Stored entries:
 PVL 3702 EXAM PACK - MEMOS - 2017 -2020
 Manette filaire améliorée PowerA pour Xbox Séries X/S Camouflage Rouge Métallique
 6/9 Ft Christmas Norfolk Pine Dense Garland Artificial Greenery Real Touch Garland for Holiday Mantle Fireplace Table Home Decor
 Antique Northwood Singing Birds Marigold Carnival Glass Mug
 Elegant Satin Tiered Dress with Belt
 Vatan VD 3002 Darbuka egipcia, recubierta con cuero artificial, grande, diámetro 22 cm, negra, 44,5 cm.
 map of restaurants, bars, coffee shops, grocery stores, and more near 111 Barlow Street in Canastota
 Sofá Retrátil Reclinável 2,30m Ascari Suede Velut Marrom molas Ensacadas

> **Aim of the task**
Copy the whole of the data above exactly.

> **Task response**
 PVL 3702 EXAM PACK - MEMOS - 2017 -2020
 Manette filaire améliorée PowerA pour Xbox Séries X/S Camouflage Rouge Métallique
 6/9 Ft Christmas Norfolk Pine Dense Garland Artificial Greenery Real Touch Garland for Holiday Mantle Fireplace Table Home Decor
 Antique Northwood Singing Birds Marigold Carnival Glass Mug
 Elegant Satin Tiered Dress with Belt
 Vatan VD 3002 Darbuka egipcia, recubierta con cuero artificial, grande, diámetro 22 cm, negra, 44,5 cm.
 map of restaurants, bars, coffee shops, grocery stores, and more near 111 Barlow Street in Canastota
 Sofá Retrátil Reclinável 2,30m Ascari Suede Velut Marrom molas Ensacadas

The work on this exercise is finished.